§ **WORK REQUEST**: From the first line of the data below through the line holding "The Battle of", output each line exactly and leave the pictures out.

== DATASET EXCERPTS ==

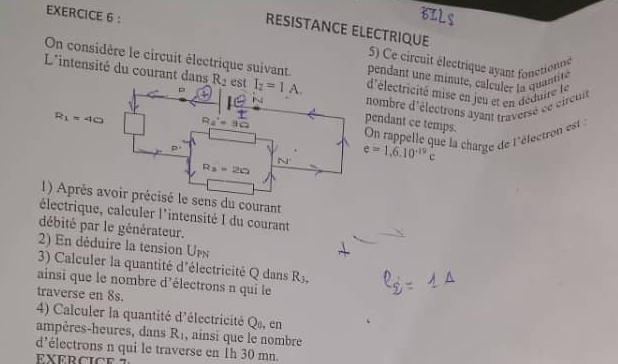 BILS
RESISTANCE ELECTRIQUE
5) Ce circuit électrique ayant fonctionne
On considère le circuit électrique suivant. pendant une minute, calculer la quantité
L'intensité du courant dans R_2 est I_2=1A. 'électricité mise en jeu et en déduire le
ombre d'électrons ayant traversé ce cireut
endant ce temps.
On rappelle que la charge de l'éfectron est
e=1.6.10^(-19)c
ns du courant
électrique, calculer l'intensité I du courant
débité par le générateur.
2) En déduire la tension U
3) Calculer la quantité d'électricité Q dans R_3,
ainsi que le nombre d'électrons n qui le
traverse en 8s.
4) Calculer la quantité d'électricité Q», en
ampères-heures, dans R_1 , ainsi que le nombre
d’électrons n qui le traverse en 1h 30 mn.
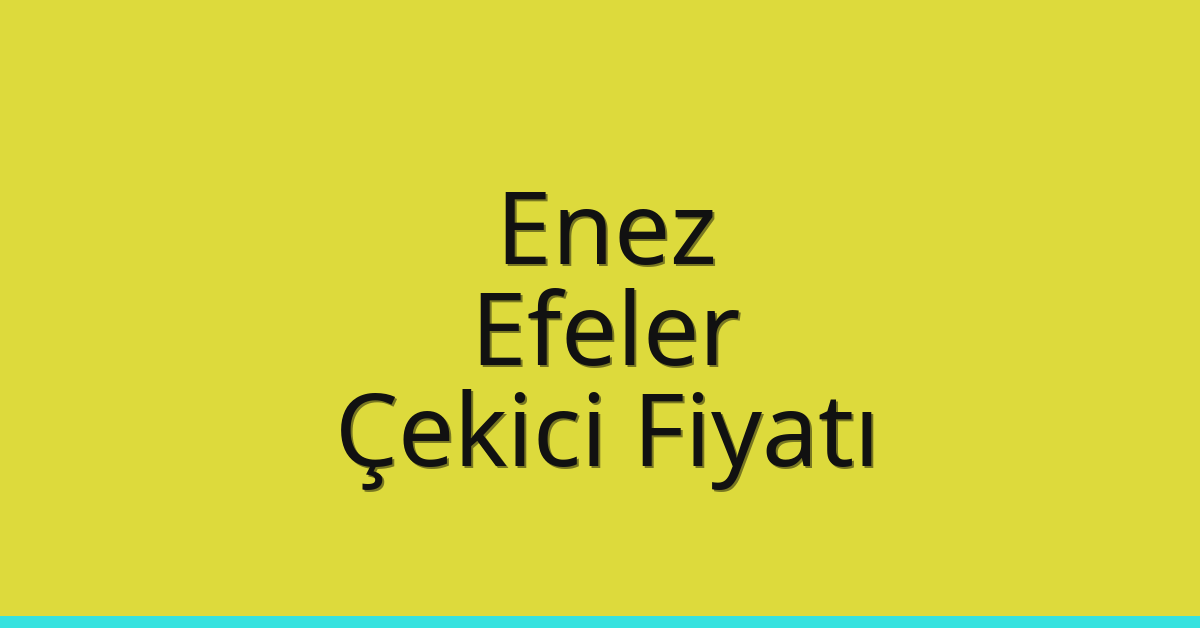 Enez Çekici Fiyatı – Efeler Oto Kurtarıcı Ücreti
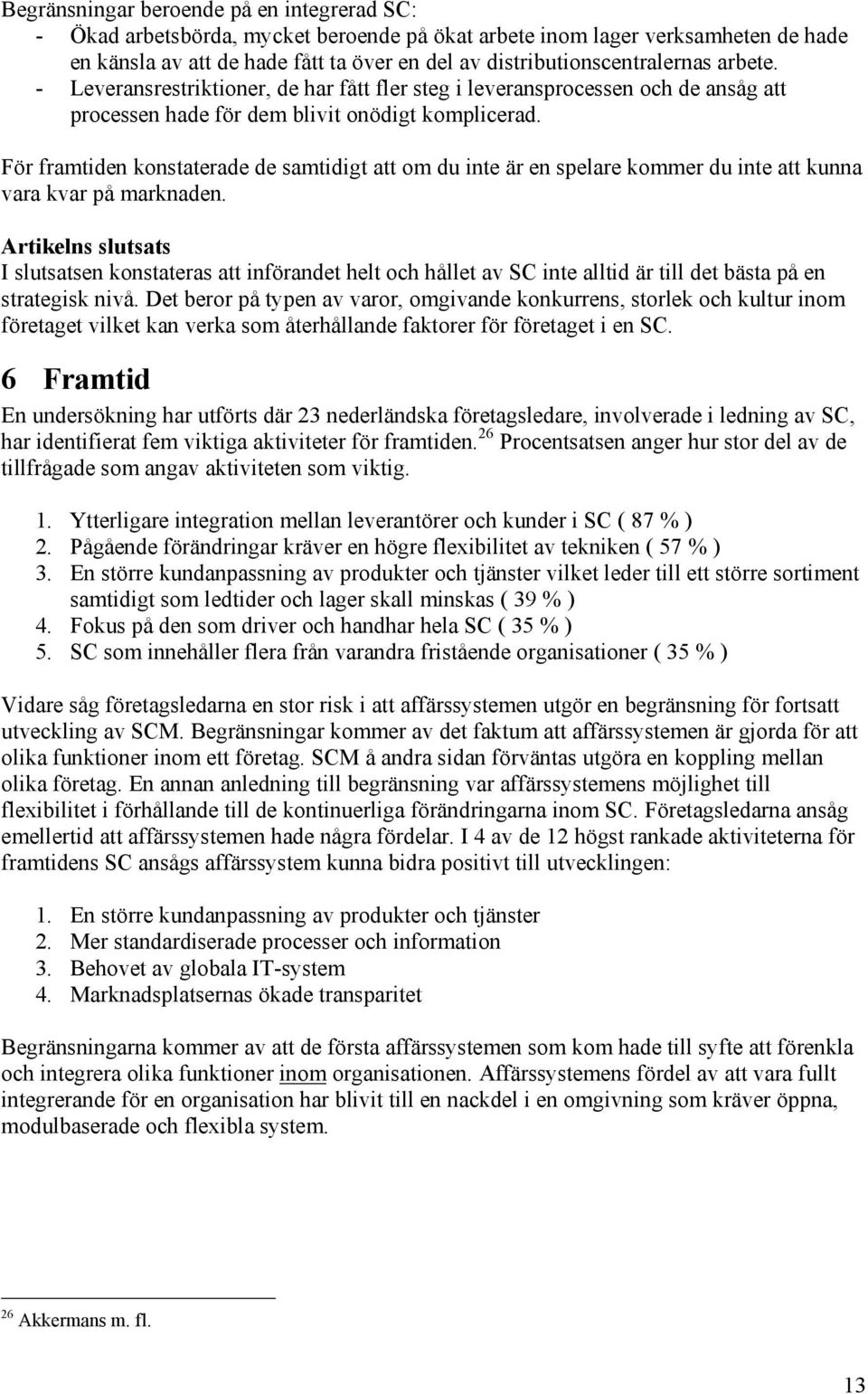 För framtiden konstaterade de samtidigt att om du inte är en spelare kommer du inte att kunna vara kvar på marknaden.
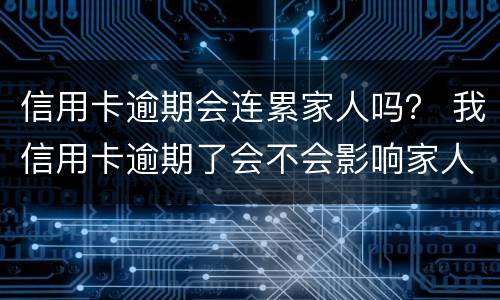 信用卡逾期会连累家人吗？ 我信用卡逾期了会不会影响家人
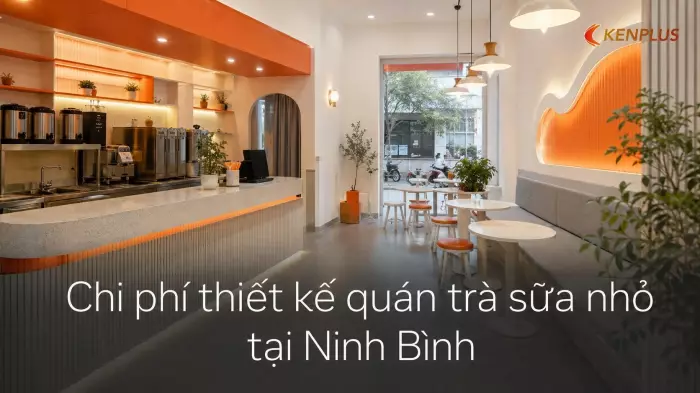 Chi phí thiết kế quán trà sữa nhỏ tại Ninh Bình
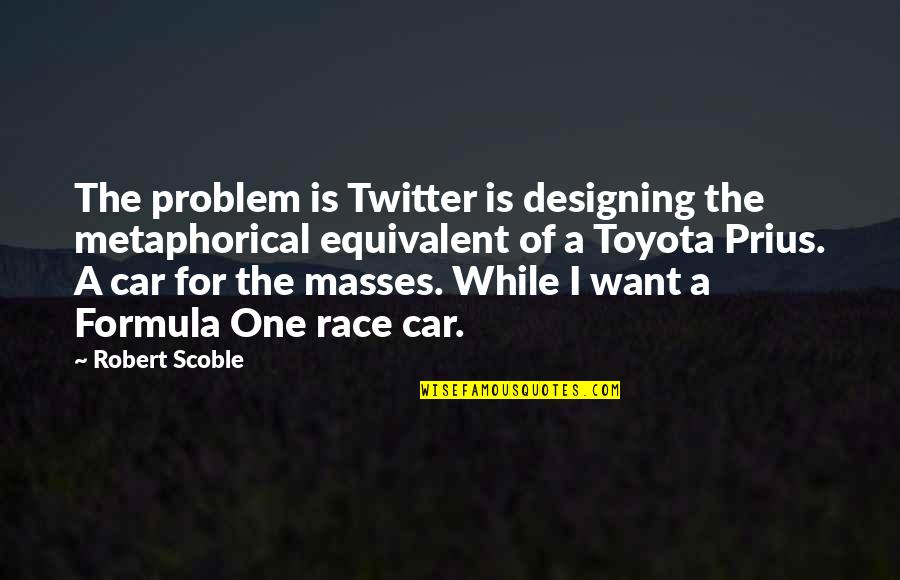 Problem For Quotes By Robert Scoble: The problem is Twitter is designing the metaphorical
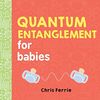 Quantum Entanglement for Babies (Baby University)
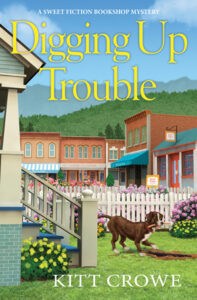 Digging Up Trouble by Kitt Crowe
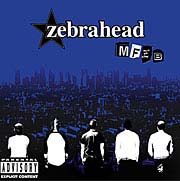 ＭＦＺＢ（Ｍｏｔｈｅｒ　Ｆｕｃｋｉｎ’　Ｚｅｂｒａｈｅａｄ　Ｂｉｔｃｈ）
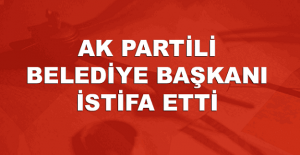 AK Partili Belediye Başkanı istifa etti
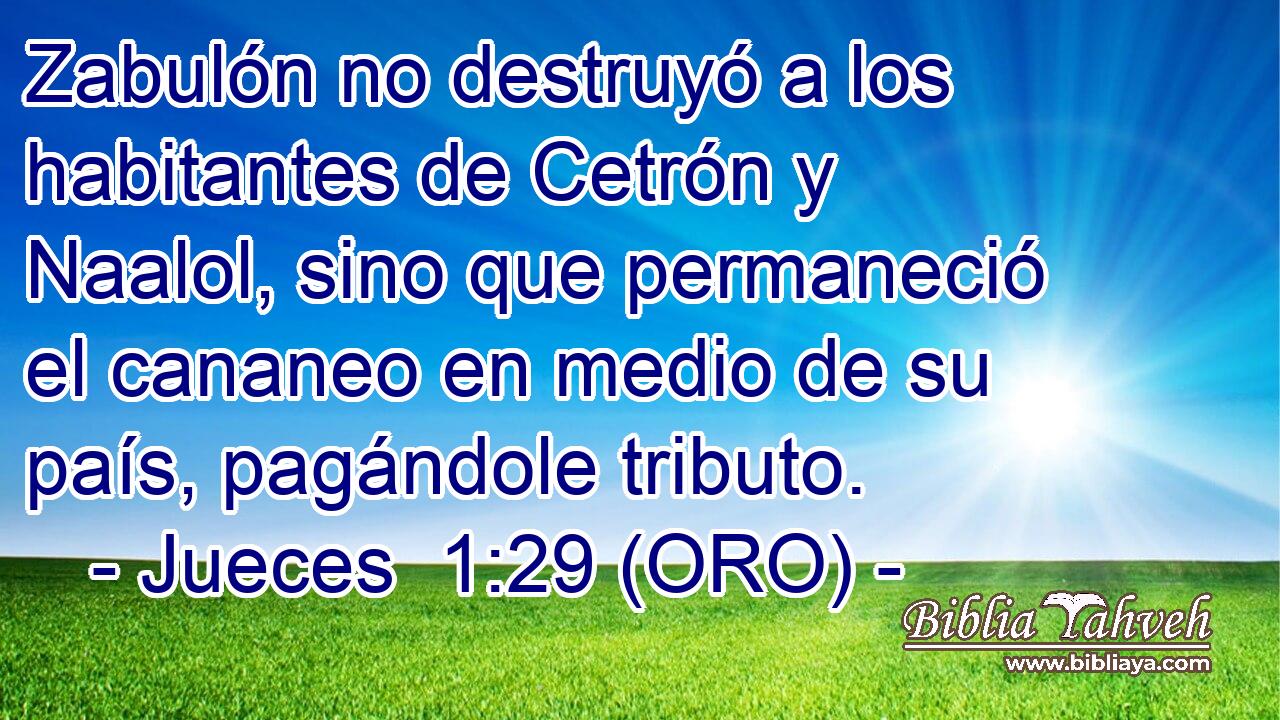  Zabulón no destruyó a los habitantes de Cetrón y Naalol, sino que permaneció el cananeo en medio de su país, pagándole tributo. 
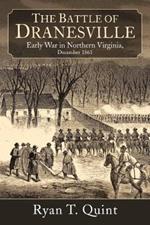 The Battle of Dranesville: Early War in Northern Virginia, December 1861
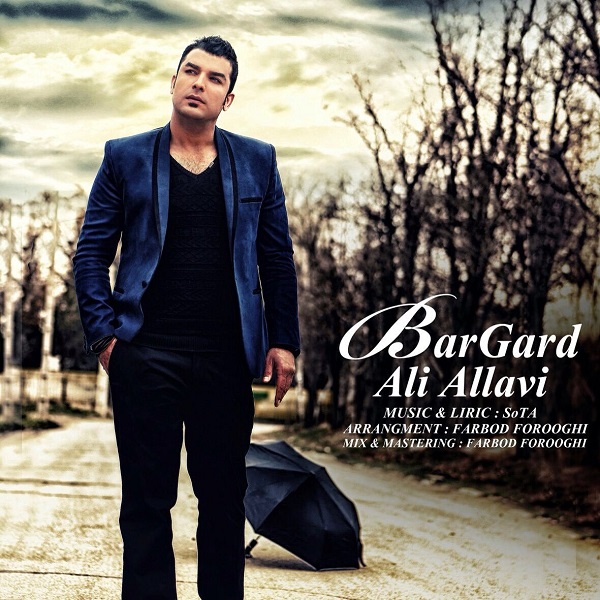 Ali Allavi - 'Bargard'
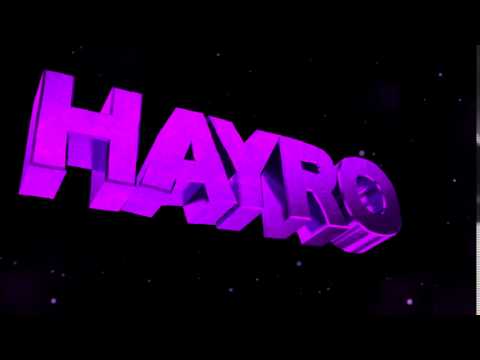 ~HAYRO's INTRO~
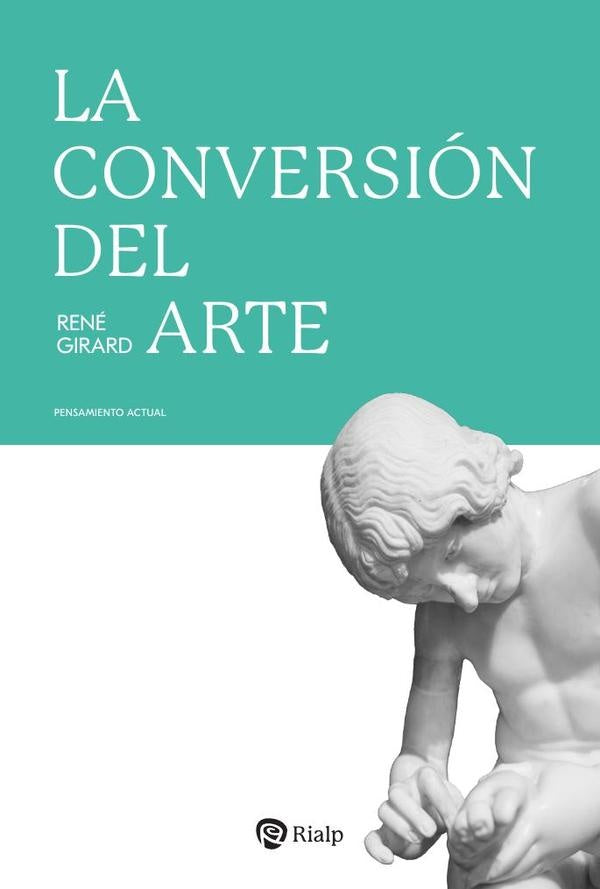 La conversión del arte | René Girard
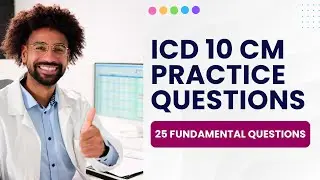 ICD 10 CM Practice Questions And Answers 2026 with Explanations (25 Fundamental Questions)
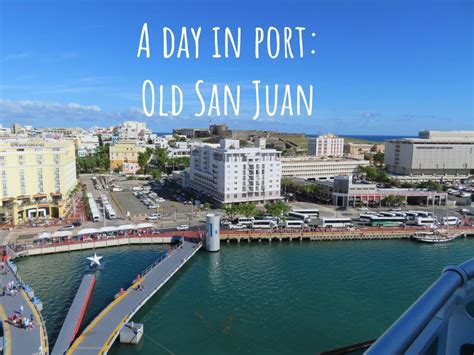 A Day In Port San Juan Puerto Rico Eatreadcruise San Juan Port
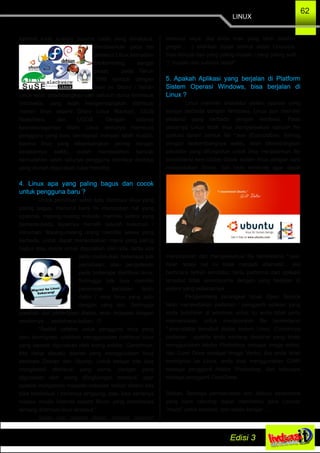 LINUX
62
kembali kode sumber (source code) yang dimaksud.
Berdasarkan pada hal
tersebut Linux kemudian
berkembang sangat
pesat, pada Tahun
1999 sampai dengan
saat ini, Distro / Varian
Linux telah dikembangkan oleh seluruh dunia termasuk
Indonesia, yang telah mengembangkan distribusi
/varian linux seperti Distro Linux Blankon, IGOS
Nusantara, dan UGOS. Dengan adanya
keanekaragaman distro Linux tentunya membuat
pengguna yang baru bermigrasi menjadi lebih mudah,
karena linux yang dikembangkan seiring dengan
berjalannya waktu, sudah menawarkan banyak
kemudahan salah satunya pengguna interface desktop
yang mudah digunakan (user friendly).
4. Linux apa yang paling bagus dan cocok
untuk pengguna baru ?
Untuk pemilihan salah satu distribusi linux yang
paling bagus, menurut kami ini merupakan hal yang
opsional, masing­masing individu memiliki selera yang
berbeda­beda, layaknya memilih sebuah makanan /
minuman. Masing­masing orang memiliki selera yang
berbeda, untuk dapat menentukkan mana yang paling
bagus atau cocok untuk digunakan oleh kita, tentu kita
perlu melakukan beberapa kali
percobaan, atau pengetesan
pada beberapa distribusi linux.
Sehingga kita bisa memiliki
parameter penilaian tentu
distro / versi linux yang satu
dengan yang lain. Sehingga
jawaban dari pertanyaan diatas, akan terjawab dengan
sendirinya..., sederhana bukan...!!!
“Sedikit catatan untuk pengguna linux yang
baru bermigrasi, silahkan menggunakan distribusi linux
yang banyak digunakan oleh orang sekitar. Contohnya,
kita hidup disuatu daerah yang menggunakan linux
berbasis Debian dan Ubuntu. Untuk belajar kita bisa
menginstall distribusi yang sama, dengan yang
digunakan oleh orang dilingkungan tersebut, agar
apabila mengalami masalah­masalah terkait sistem kita
bisa berdiskusi / bertanya langsung, atau bisa bertanya
melalui media internet seperti forum yang membahas
tentang distribusi linux tersebut.”
Saran dan catatan diatas, bersifat opsional
menurut saya, jika anda mau yang lebih ekstrim /
greget.... :) silahkan dijajal semua distro Linuxnya...,
bisa dimulai dari yang paling mudah / yang paling sulit...
:) “mudah dan sulitnya relatif”
5. Apakah Aplikasi yang berjalan di Platform
Sistem Operasi Windows, bisa berjalan di
Linux ?
Linux memiliki arsitektur sistem operasi yang
sangat berbeda dengan Windows, Linux pun memiliki
ekstensi yang berbeda dengan windows. Pada
dasarnya Linux tidak bisa mengeksekusi sebuah file
aplikasi dalam bentuk file *.exe (Executable). Seiring
dengan berkembangnya waktu, telah dikembangkan
emulator yang difungsikan untuk bisa menjalankan file
berekstensi executable diatas sistem linux dengan cara
menyediakan library, dan tools windows agar dapat
menjalankan dan mengeksekusi file berekstensi *.exe.
Akan tetapi hal ini tidak menjadi alternatif... jika
berbicara terkait emulator, tentu performa dari aplikasi
tersebut tidak sesempurna dengan yang berjalan di
sistem yang sebenarnya.
Pengembang perangkat lunak Open Source
telah menyediakan padanan / pengganti aplikasi yang
anda butuhkan di windows untuk itu anda tidak perlu
memaksakan untuk menjalankan file berekstensi
*.executable tersebut diatas sistem Linux. Contohnya
padanan : apabila anda seorang desainer yang biasa
menggunakan Adobe Photoshop sebagai image editor,
dan Corel Draw sebagai Image Vector, jika anda telah
bermigrasi ke Linux, anda bisa menggunakan GIMP
sebagai pengganti Adobe Photoshop, dan Inkscape
sebagai pengganti CorelDraw.
Sekian, Semoga pembahasan dan diskusi sederhana
yang kami rancang dapat membantu para Linuxer
“muda” untuk kembali, dan selalu belajar...,
 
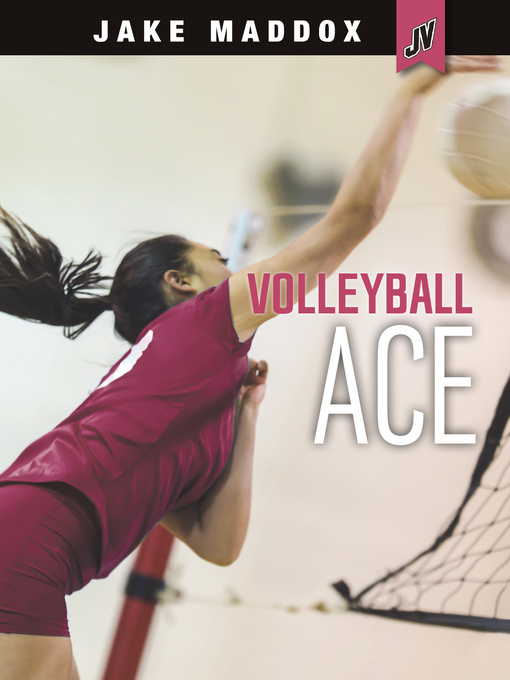 Title details for Volleyball Ace by Jake Maddox - Available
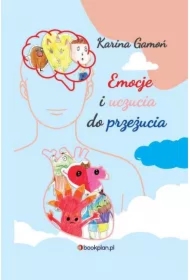 Emocje i uczucia do przeżucia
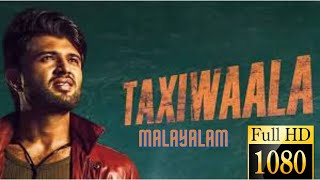Taxiwala 2018 Malayalam dubbed Full Movie HDVijay 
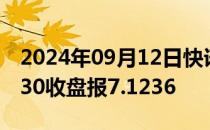 2024年09月12日快讯 在岸人民币兑美元16:30收盘报7.1236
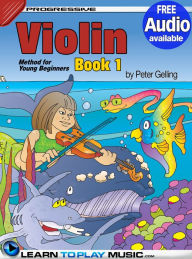 Title: Violin Lessons for Kids - Book 1: How to Play Violin for Kids (Free Audio Available), Author: LearnToPlayMusic.com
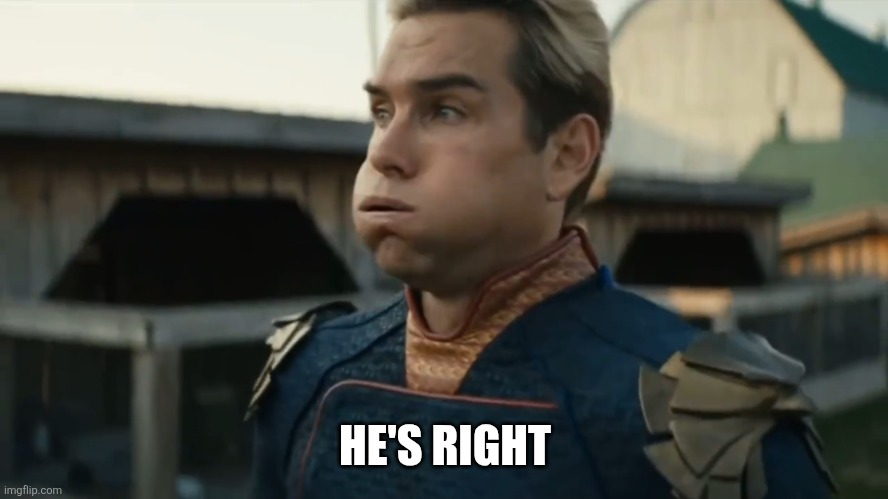 Stressed Homelander | HE'S RIGHT | image tagged in stressed homelander | made w/ Imgflip meme maker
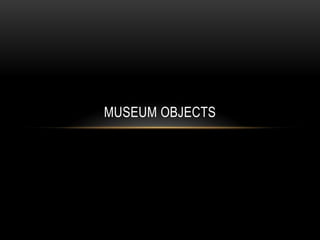 MUSEUM OBJECTS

===

§ **RESPONSE TO THE TASK**:
 BILS
RESISTANCE ELECTRIQUE
5) Ce circuit électrique ayant fonctionne
On considère le circuit électrique suivant. pendant une minute, calculer la quantité
L'intensité du courant dans R_2 est I_2=1A. 'électricité mise en jeu et en déduire le
ombre d'électrons ayant traversé ce cireut
endant ce temps.
On rappelle que la charge de l'éfectron est
e=1.6.10^(-19)c
ns du courant
électrique, calculer l'intensité I du courant
débité par le générateur.
2) En déduire la tension U
3) Calculer la quantité d'électricité Q dans R_3,
ainsi que le nombre d'électrons n qui le
traverse en 8s.
4) Calculer la quantité d'électricité Q», en
ampères-heures, dans R_1 , ainsi que le nombre
d’électrons n qui le traverse en 1h 30 mn.
 Enez Çekici Fiyatı – Efeler Oto Kurtarıcı Ücreti
 För framtiden konstaterade de samtidigt att om du inte är en spelare kommer du inte att kunna vara kvar på marknaden.
 信用卡逾期会连累家人吗？ 我信用卡逾期了会不会影响家人
 Chi phí thiết kế quán trà sữa nhỏ tại Ninh Bình
 Problem For Quotes By Robert Scoble: The problem is Twitter is designing the metaphorical
 Quantum Entanglement for Babies (Baby University)
 Digging Up Trouble by Kitt Crowe
 ＭＦＺＢ（Ｍｏｔｈｅｒ　Ｆｕｃｋｉｎ’　Ｚｅｂｒａｈｅａｄ　Ｂｉｔｃｈ）
 AK Partili Belediye Başkanı istifa etti
  Zabulón no destruyó a los habitantes de Cetrón y Naalol, sino que permaneció el cananeo en medio de su país, pagándole tributo. 
 The Battle of Dranesville: Early War in Northern Virginia, December 1861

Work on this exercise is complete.